Could you retype the lines below, starting at the line holding "Photos: First look" and stopping at the line holding "My Amore Bear", inclusive? Copy them exactly and drop the images.

* [MATERIAL FOR THIS TASK]:
# # # #

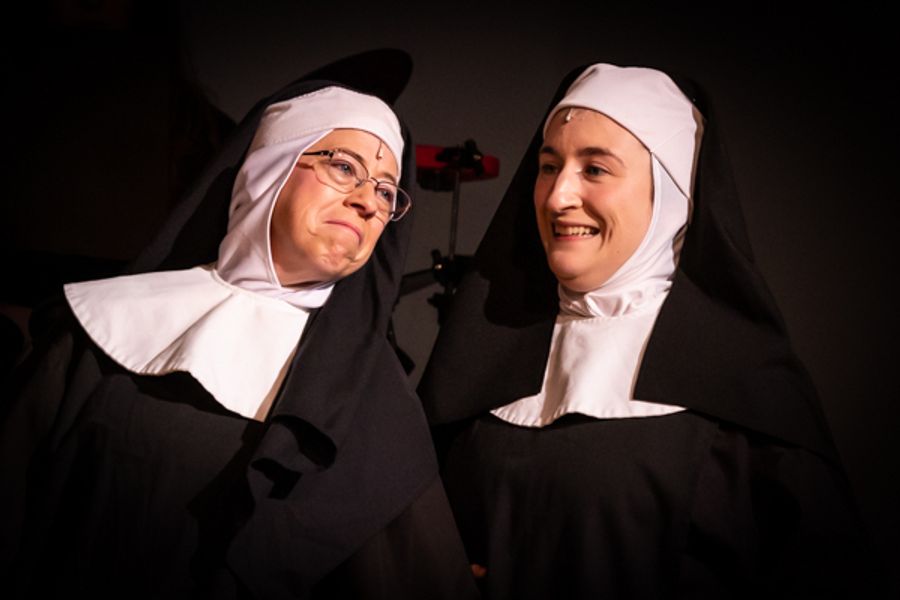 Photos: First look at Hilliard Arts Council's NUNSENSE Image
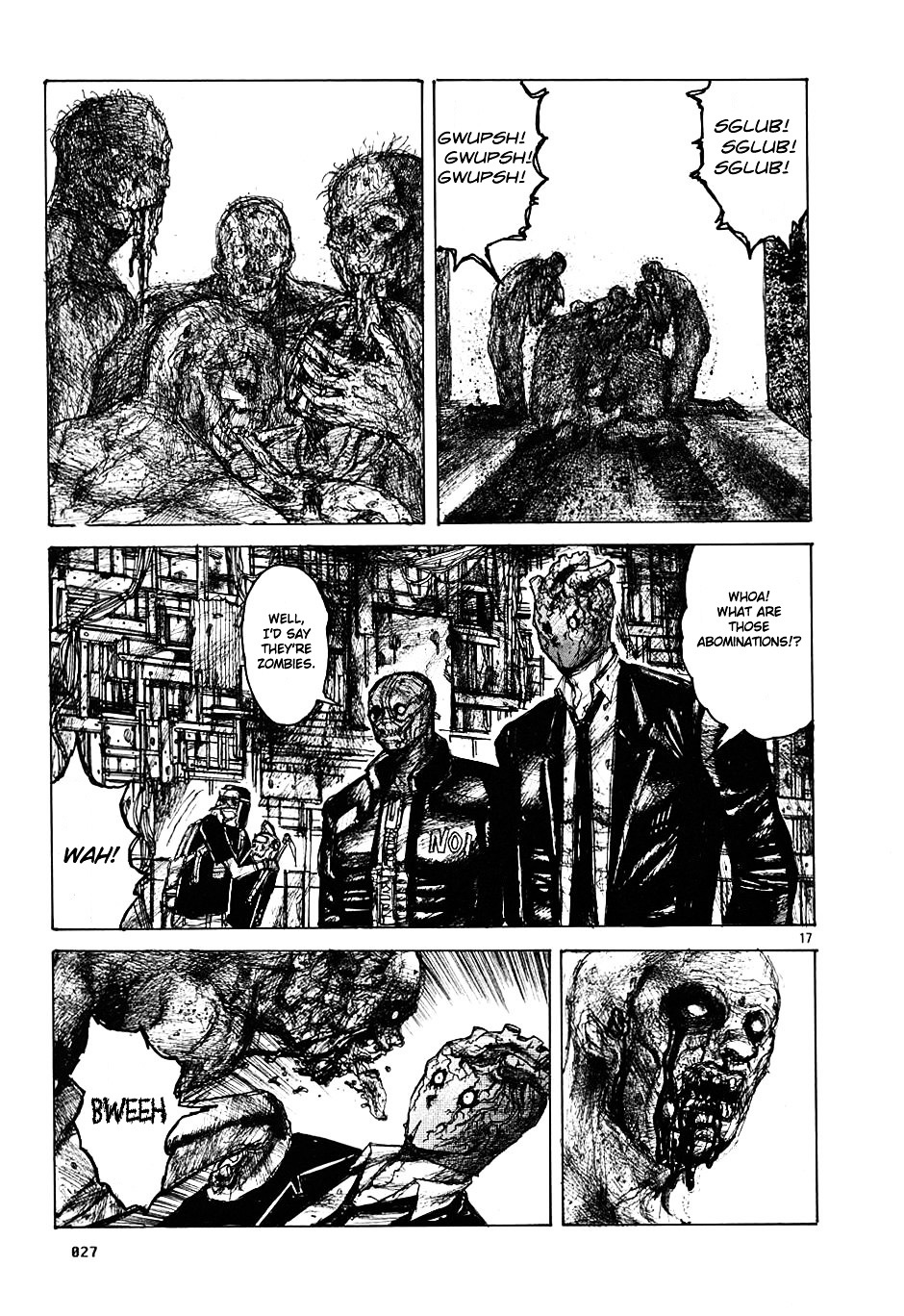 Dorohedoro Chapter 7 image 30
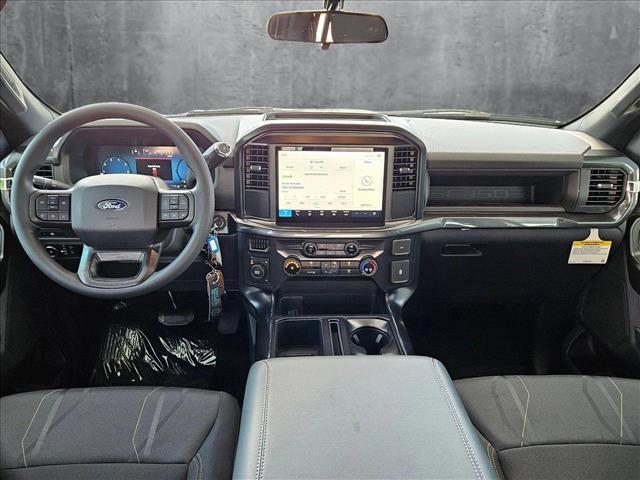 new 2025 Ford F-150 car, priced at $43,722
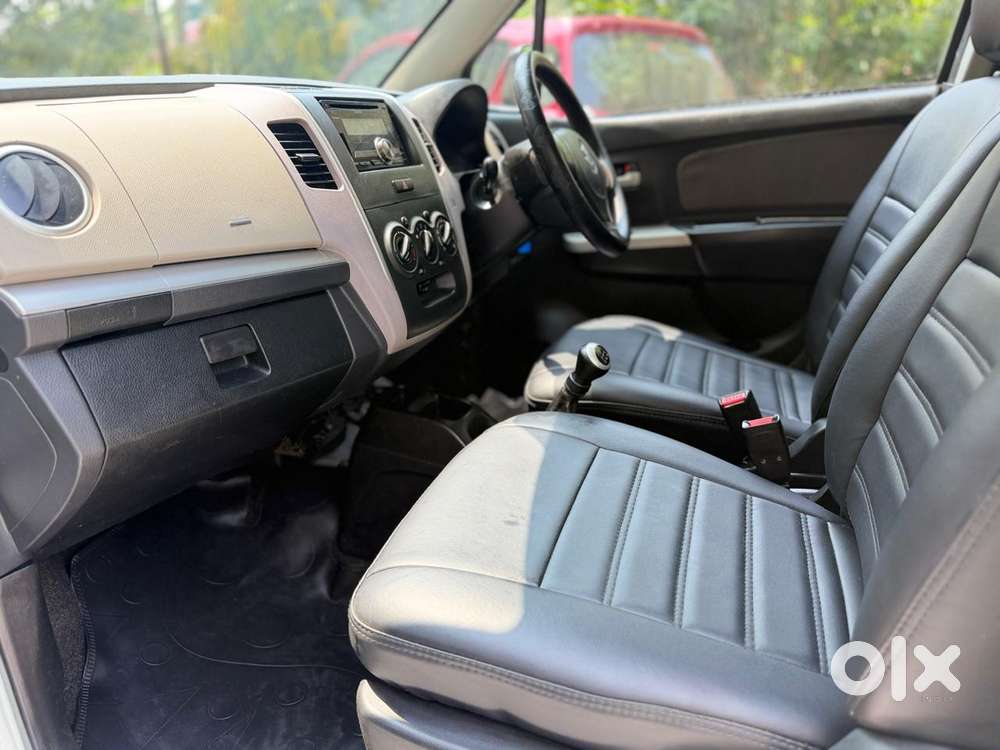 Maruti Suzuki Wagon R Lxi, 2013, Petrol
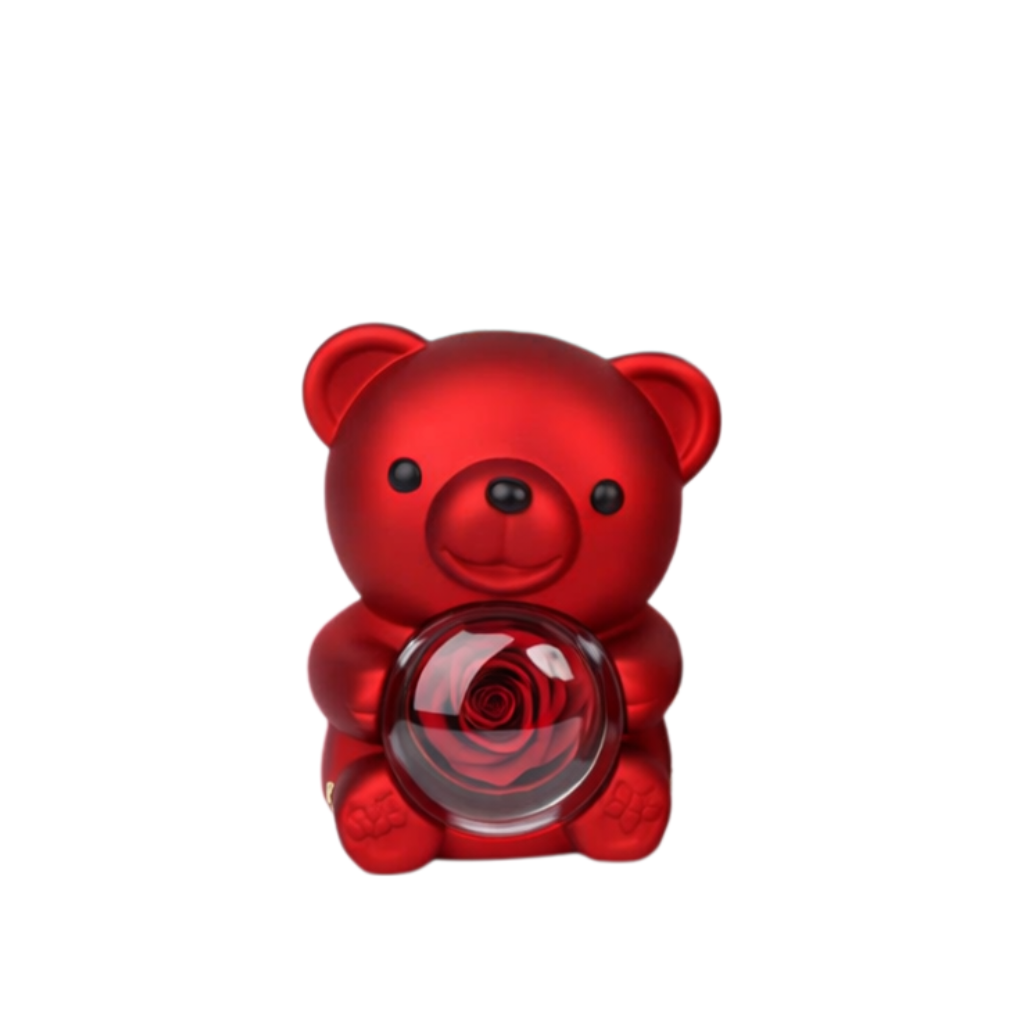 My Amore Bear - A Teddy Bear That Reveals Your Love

# # # #

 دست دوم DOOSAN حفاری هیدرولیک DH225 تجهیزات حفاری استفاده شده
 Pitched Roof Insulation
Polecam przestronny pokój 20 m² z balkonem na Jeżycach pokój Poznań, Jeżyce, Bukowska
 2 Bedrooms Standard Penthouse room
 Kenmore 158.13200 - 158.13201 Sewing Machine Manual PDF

# # # #

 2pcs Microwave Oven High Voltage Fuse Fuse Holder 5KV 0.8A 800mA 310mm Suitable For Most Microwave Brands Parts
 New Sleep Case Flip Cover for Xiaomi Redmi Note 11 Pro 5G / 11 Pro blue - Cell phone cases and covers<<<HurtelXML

# # # #

* [ANSWER BOX]:
 Photos: First look at Hilliard Arts Council's NUNSENSE Image
 Dorohedoro Chapter 7 image 30
 new 2025 Ford F-150 car, priced at $43,722
 Maruti Suzuki Wagon R Lxi, 2013, Petrol
 My Amore Bear - A Teddy Bear That Reveals Your Love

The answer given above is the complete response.